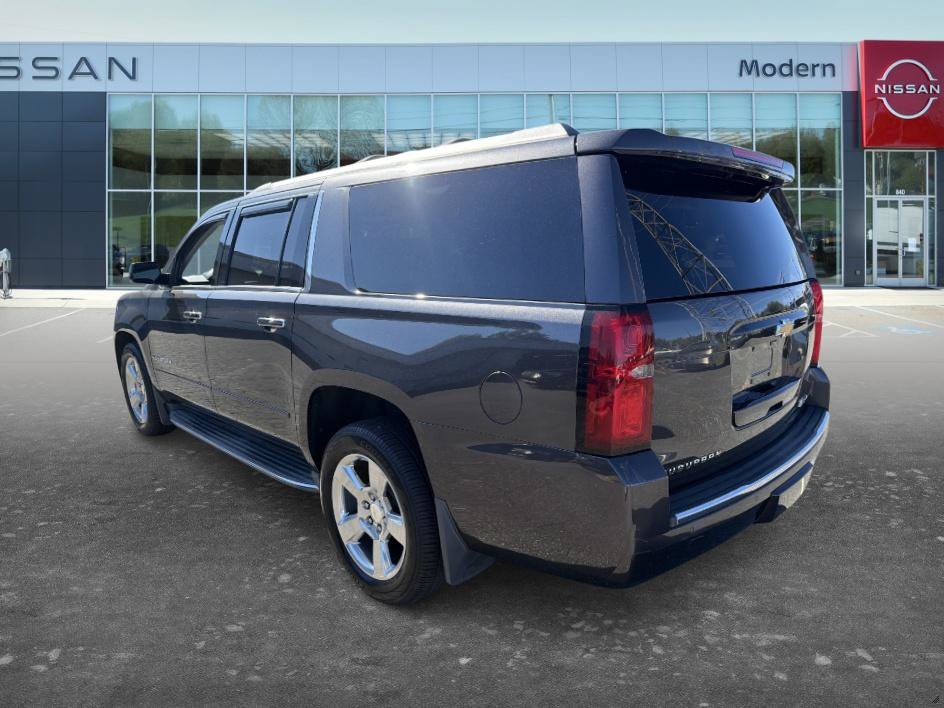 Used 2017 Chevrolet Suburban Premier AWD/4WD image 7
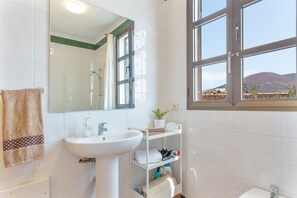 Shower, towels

:::

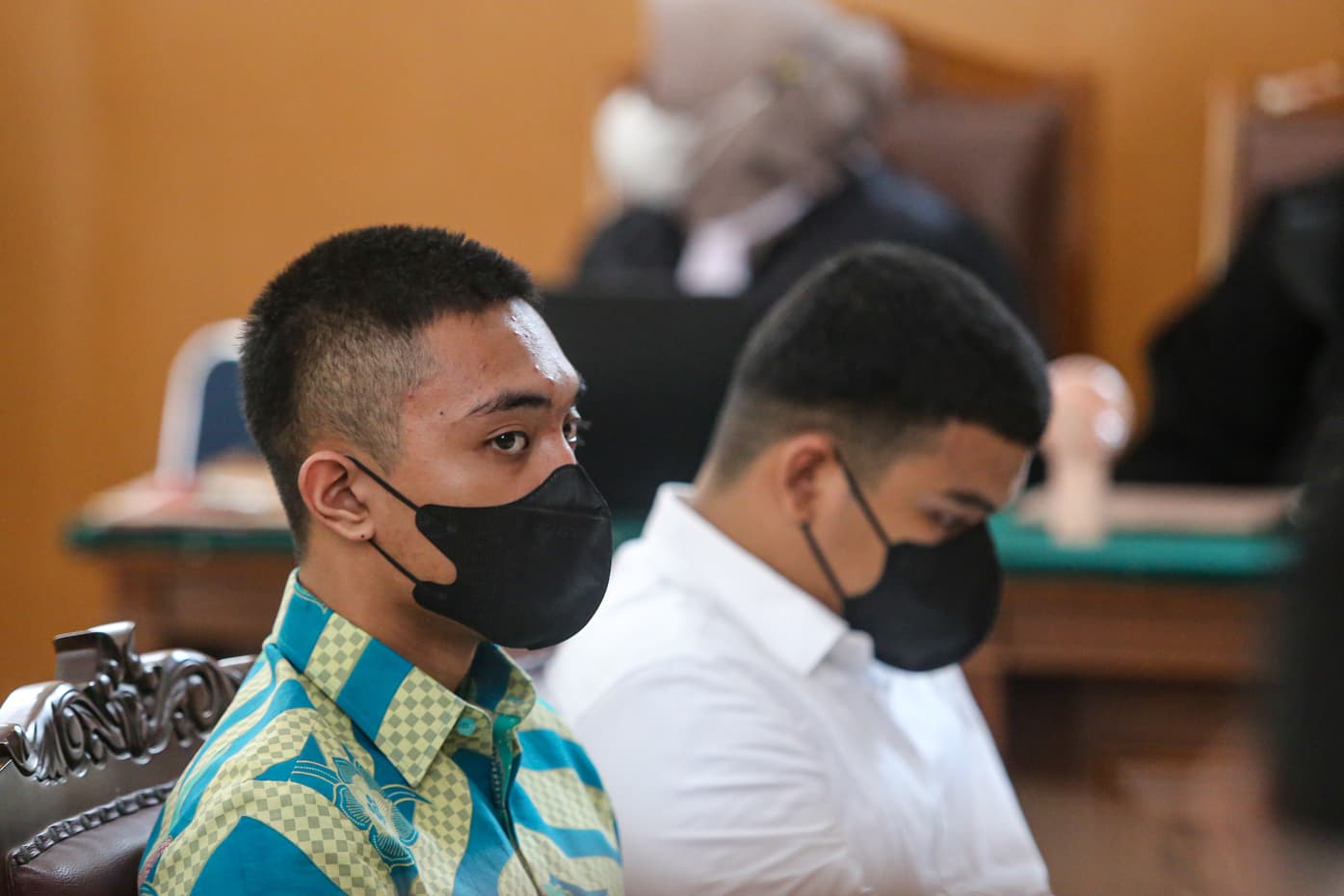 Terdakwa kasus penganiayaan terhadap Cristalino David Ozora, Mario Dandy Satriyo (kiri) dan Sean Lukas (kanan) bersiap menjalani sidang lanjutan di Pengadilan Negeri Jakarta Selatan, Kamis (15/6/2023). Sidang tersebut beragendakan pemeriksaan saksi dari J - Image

:::

> [HOW TO COMPLETE THIS TASK]: From the records above, give again only the part that opens with the line containing "Used 2017 Chevrolet" and closes with the line containing "Shower, towels". Keep both ends but drop the pictures.

> [EXERCISE RESPONSE]:
 Used 2017 Chevrolet Suburban Premier AWD/4WD image 7
 Shower, towels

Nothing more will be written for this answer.